On Saturday, women’s hockey was shutout 4-0 by Quinnipiac, Cornell’s fifth time scoring one or fewer goals in its last 10 games.
“I think the effort and the energy was there, [just] the execution wasn’t great,” said head coach Doug Derraugh ’91 on the Quinnipiac loss.
“I thought we played a pretty good game, actually,” Derraugh said after a 3-2 defeat to Princeton on Dec. 6. “I thought we came with energy, I thought we were battling. … We had probably a 10 minute window where we let our foot off the gas a little bit.”
“I thought that was a hard-fought road game for us coming out of the break,” he said after a 1-0 loss to Penn State on Dec. 30. “I thought we played hard, [it] came down to special teams.”
There’s a specific reason why Derraugh’s interviews are becoming repetitive, and it helps explain the main difference so far between this season’s 13-9-2 record and last year's Frozen Four team.
The 2024-2025 and 2025-2026 squads’ winning recipe is similar. With junior goaltender Annelies Bergmann in net, and multiple highly touted defenders, all the Red need to do is find goals from across its roster and the wins will come. Last season, 16 skaters finished with seven or more points, 13 of them in double digits.
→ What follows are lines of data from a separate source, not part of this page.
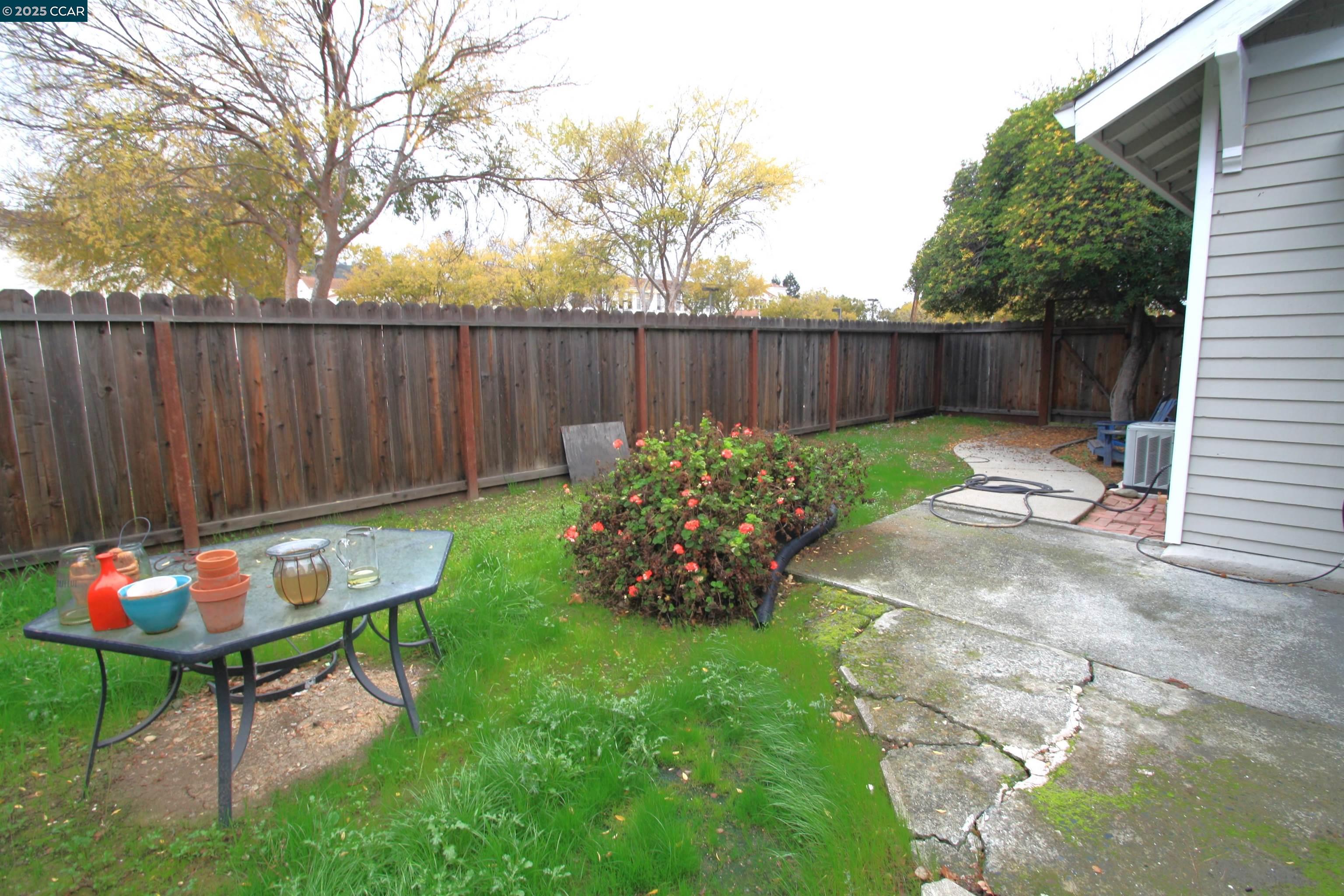 Detail Gallery Image 22 of 26 For 1002 Warren St, Martinez,  CA 94553 - 2 Beds | 1 Baths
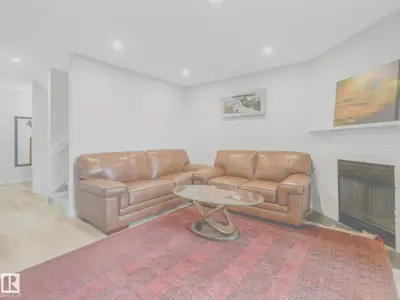Interior photo 4 of 550 LAKEWOOD RD N NW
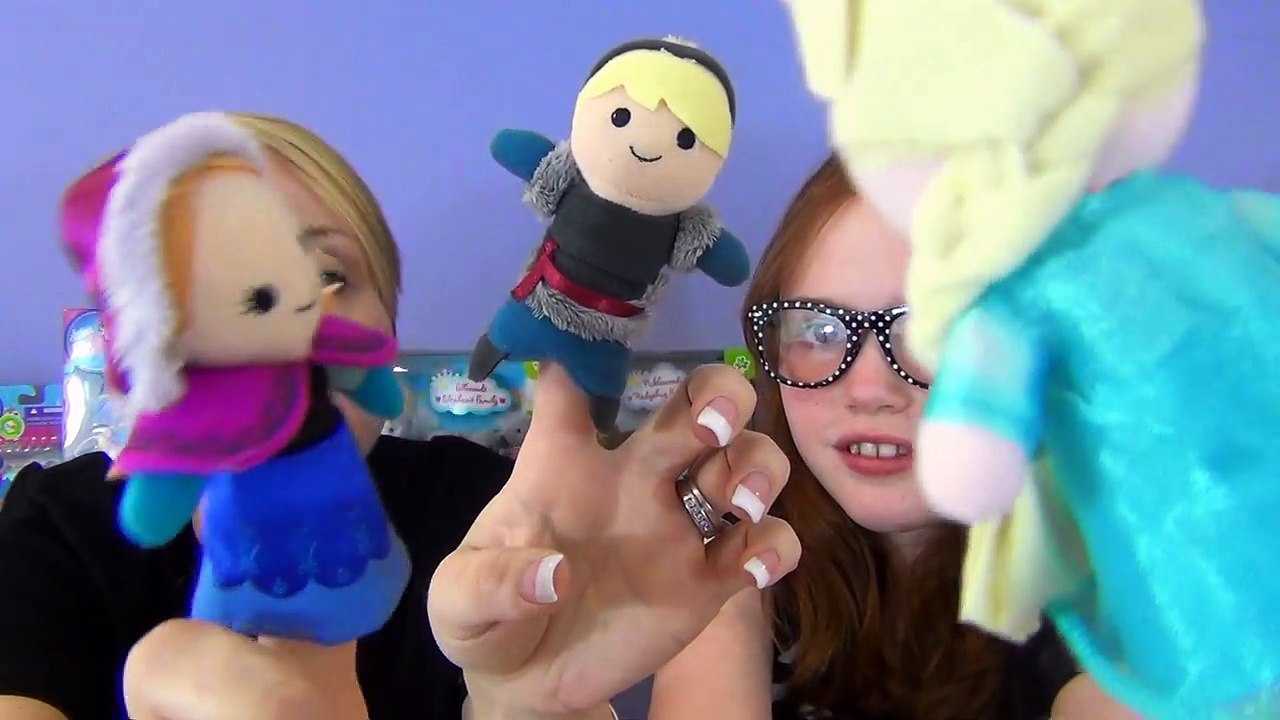 Frozen Elsa Anna Kristoff and Olaf Puppet Show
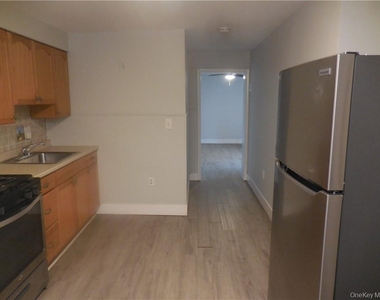 78 Duncan Avenue - Photo Thumbnail 1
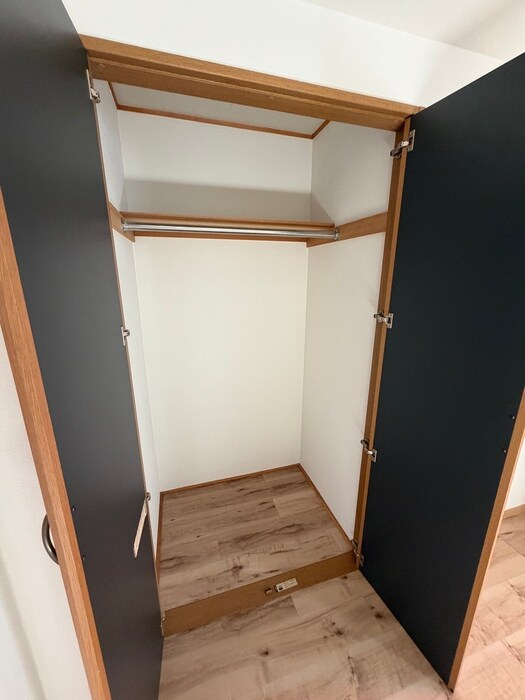 物件内観写真12　(収納)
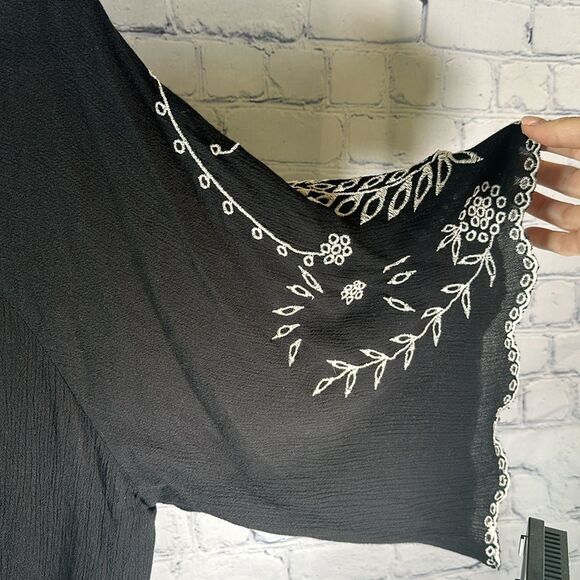 ✨ Boho Embroidered Black Blouse – Spade and Heart Size Small - Picture 3 of 5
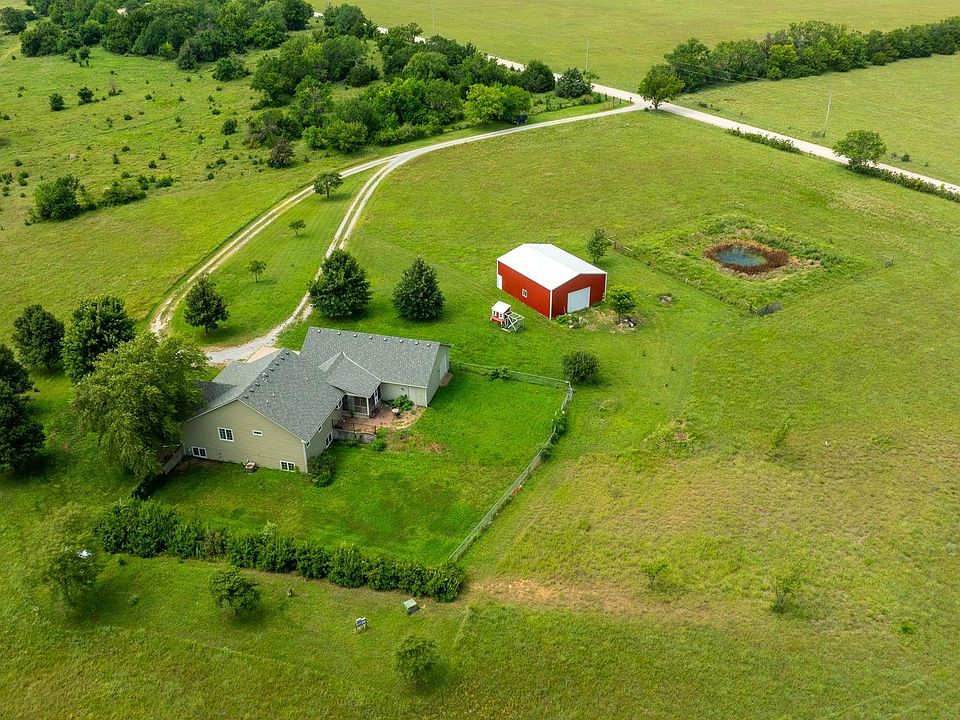 1st image of 17776 SW Tawakoni Rd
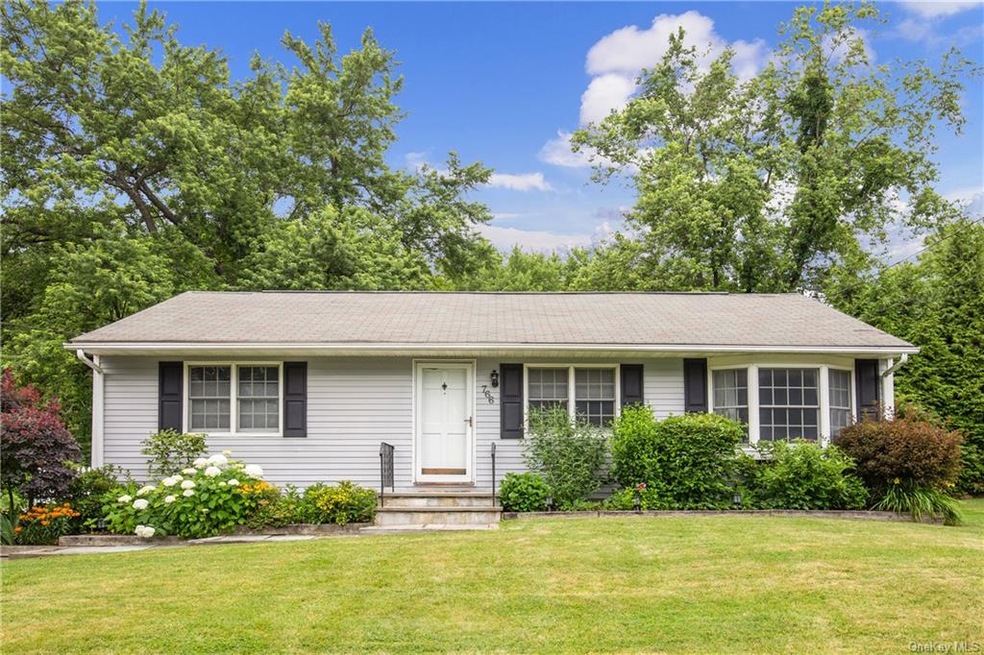 766 Locksley Rd, Yorktown Heights, NY 10598 - photo 1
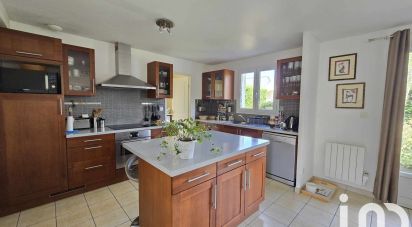 Maison 4 pièces de 97 m² à Fleury-les-Aubrais (45400)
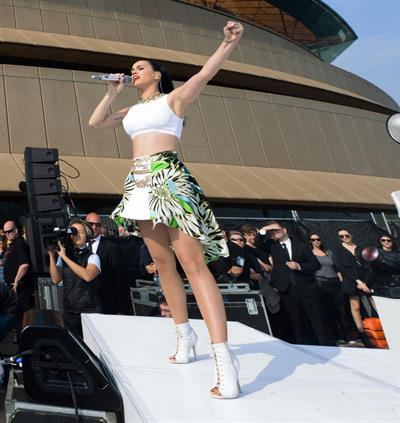 Katy Perry – “Sunrise” performance in Sydney 10/29/13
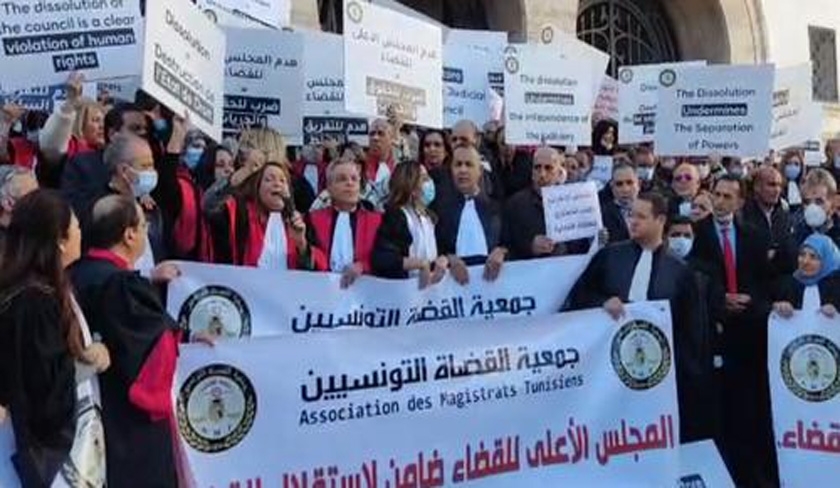 Les juges manifestent devant le Palais de justice à Bab Bnet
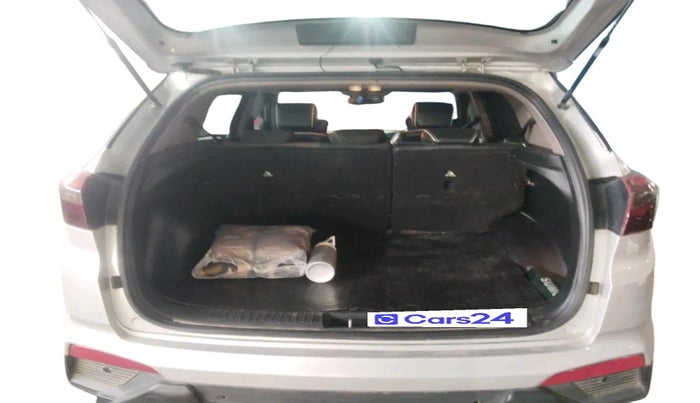 2015 Hyundai Creta SX PLUS AT 1.6 DIESEL, Diesel, Automatic, 1,19,199 km, exterior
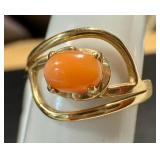 14k Gold Ring with Coral Stone, Size 7 14k Gold Ring with Coral Stone, Size 7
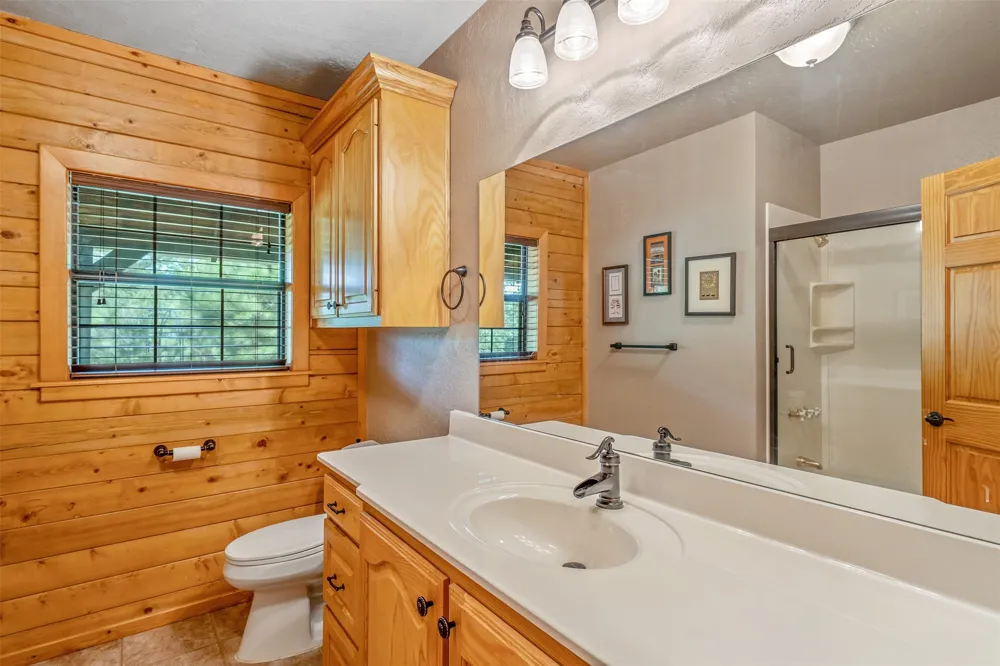 15753 COUNTY ROAD 223 Tyler, TX 75707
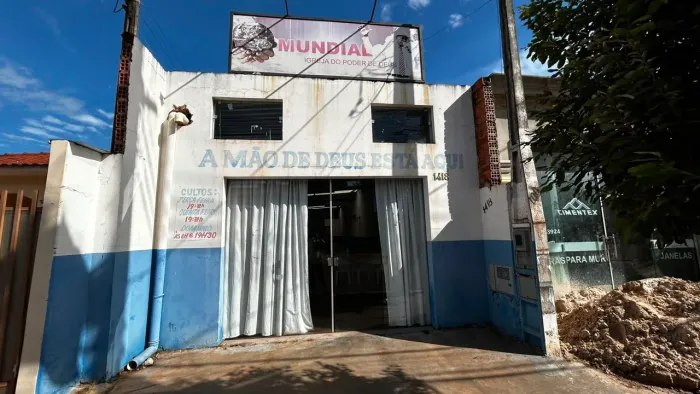 Vendo prédio comercial
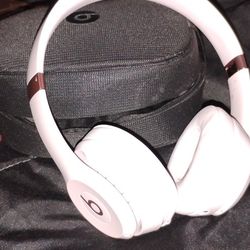 Beats Solo 4 Wireless Headphones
This year, the depth has receded. Thirteen skaters are roughly on-pace to reach that seven-point mark this season, while Bergmann is tied for 16th on the team in points after picking up an assist last weekend. Part of the loss of scoring flexibility comes from simple math: Cornell’s roster shrank from 27 to 21 and its 18 skaters are the fewest since 2018.
“I think the difference is we had a larger roster last year, there was more depth,” Derraugh said. “So it is very similar, but [this season] we are relying on the players that are getting the opportunity and you can’t go to sort of that second and third option.”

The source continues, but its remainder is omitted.